§ Supplied information:

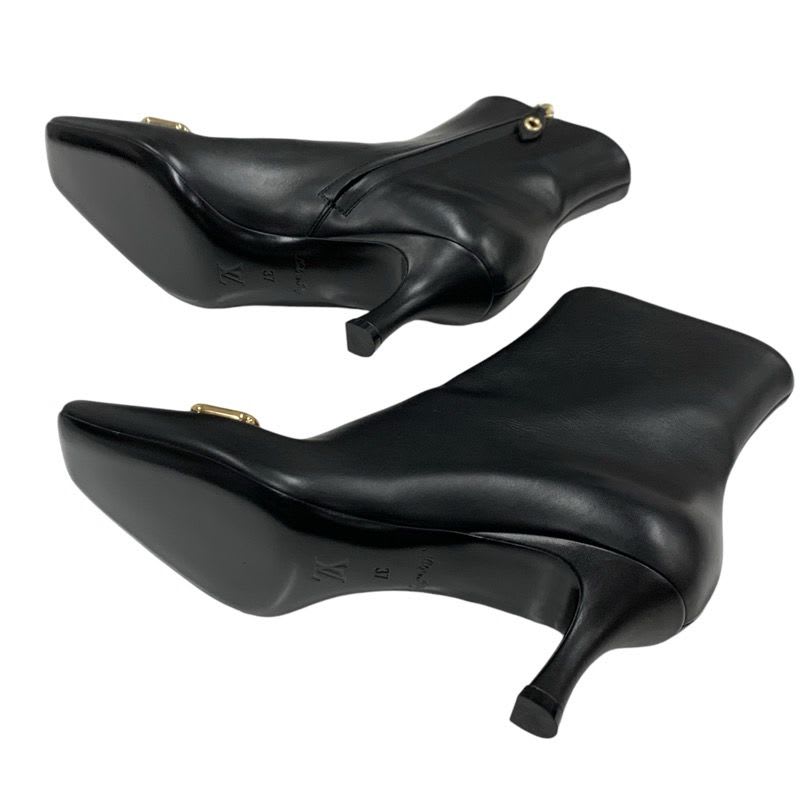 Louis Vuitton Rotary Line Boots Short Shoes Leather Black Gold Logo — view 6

* * *

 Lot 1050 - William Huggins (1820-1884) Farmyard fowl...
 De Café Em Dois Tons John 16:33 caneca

--

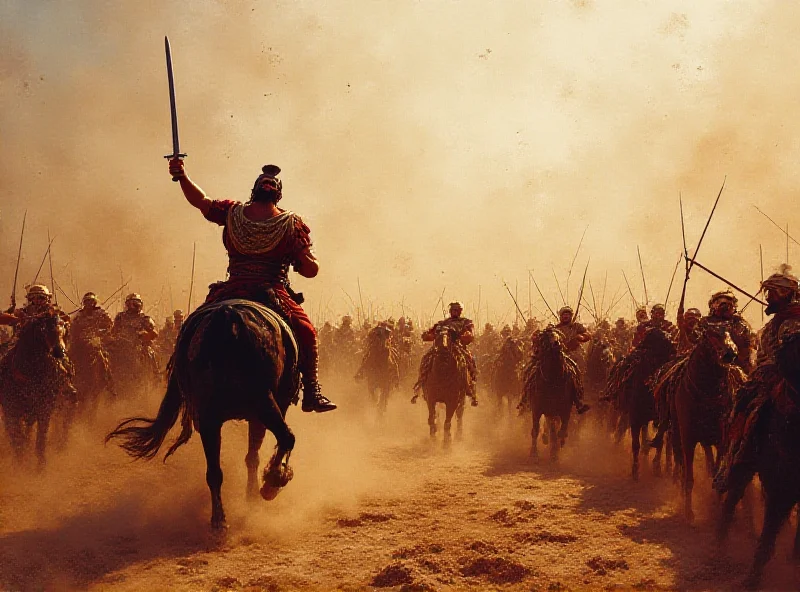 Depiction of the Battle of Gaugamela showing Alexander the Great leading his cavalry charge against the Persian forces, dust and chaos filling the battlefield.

§ Exercise directions:
In the entries above, find the line holding "Lot 1050 - William" and the line holding "De Café Em Dois Tons John 16:33 caneca"; print both of them and every line between, exactly, and nothing else.

§ Written answer:
 Lot 1050 - William Huggins (1820-1884) Farmyard fowl...
 De Café Em Dois Tons John 16:33 caneca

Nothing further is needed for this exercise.